VIANO COLUMN: Running with the boys
Listen, this isn’t meant to put undue pressure on a high school student, but Annie Hill’s almost assuredly going to win her third straight Class AA state cross country championship on Saturday at Rebecca Farm.
Hill, the sensational Glacier junior, is so fast that the drama during this cross country season has been less about whether she’s going to win and more about what the clock’s going to say when she hits the finish line.
She is the fastest runner in the state, one of the dozen or so fastest distance runners in the country and owns the all-class state meet three-mile record (16:30.7), set last year. As a sophomore.
And yes, I know she finished 12th at the Mountain West Invitational on Oct. 1, but she led that race in the early stages and her coach, Jacob Dietz, chalked her late fade up to “some poor pre-race decisions in terms of nutrition.”
She’s won every race she’s entered other than that one, including three straight since the Mountain West.
Hill’s closest competitor on Saturday will be Billings Senior’s Tiahna Vladic, a nationally-ranked runner in her own right, but Vladic’s best times all year have hovered around 17 minutes. A healthy and properly fueled Hill should cross the finish line right around, if not under, her state record time, and the rest of her competitors, Vladic included, won’t be anywhere in her sight.
That’s not normally the case at practice, though, because since the very start of her prep career, Hill’s been surrounded by runners more her speed.
“I’ve been running with the guys pretty much since I started running,” Hill said. “I did a lot of running with my older brother (Noah). For most of the workouts and the longer runs (in training) I tend to run with the boys. They push me and make me go faster and make me better.”
And there’s the rub.
Elite runners, heck, even anyone who’s ever run a 5k on the weekend, knows the difference between racing your watch and actually racing another human being.
“Like being chased by a bear or running on a treadmill by yourself,” Dietz offered as a comparison. “That competitive reflex is the same thing as our primal instinct. You get into primal mode.”
Hill agrees.
“It’s tougher to push yourself out of your comfort zone without somebody pushing you to,” she said. “When I’m running scared I run faster — not exactly scared, but if there’s somebody close behind me I know they can catch up. They can take my time from not just good to a great race. It’s a lot harder by myself.”
Saturday, Hill will line up with the fastest girls in the state alongside her and will try and run as fast as she possibly can, taking her body to its physical limit.
But both Dietz and Hill agree that if the state’s fastest boys were lined up next to the ultra-competitive Hill, those limits could be stretched even further.
“Undoubtedly,” Dietz answered when asked if Hill’s time would be better racing the boys.

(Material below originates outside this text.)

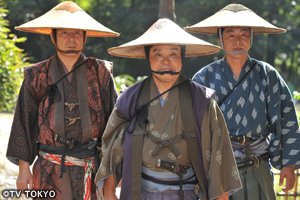 《葵 德川三代》观后感10篇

“She would be in the middle of the group and all of a sudden you have those people around you that would push you around every corner. Not that Annie doesn’t do that, but there’s just a little bit more.”
“I think I would (run faster),” Hill answered. “It’s hard to say. I really want to push myself to be where I want to be by myself, but having somebody right next to me would help.”
So the next question, of course, is why doesn’t Hill race the boys?
The short answer is that it creates a type of slippery slope. If, as agreed, she would run a faster time racing boys, how many girls would be allowed to switch into the boys field?
Assuming they all would run theoretically faster times against faster competition, how would the times — and finishing positions — of girls running with boys be factored into team scoring?
The other concern is that it creates less of a race and more of a time trial, erasing the clean optics of a bunch of people on a course, with the first person crossing the finish line anointed the winner.
Still, Hill and her coach have kicked around the idea of racing against the opposite sex.
“I would love to be able to run with the boys (in competitions),” Hill said.
“I think that I could be a lot better if I was racing with them. Not only because I would have somebody pushing me but because I’m competitive, especially with the (Glacier) boys. Even if I don’t say it out loud, a lot of things are in my head and if I can be ahead of them it makes me feel better.”
For now, though, Hill will have to settle for racing her watch. As she chases history — again — on Saturday, the question of just how fast the fastest female in the state can go remains a tantalizingly difficult one to answer.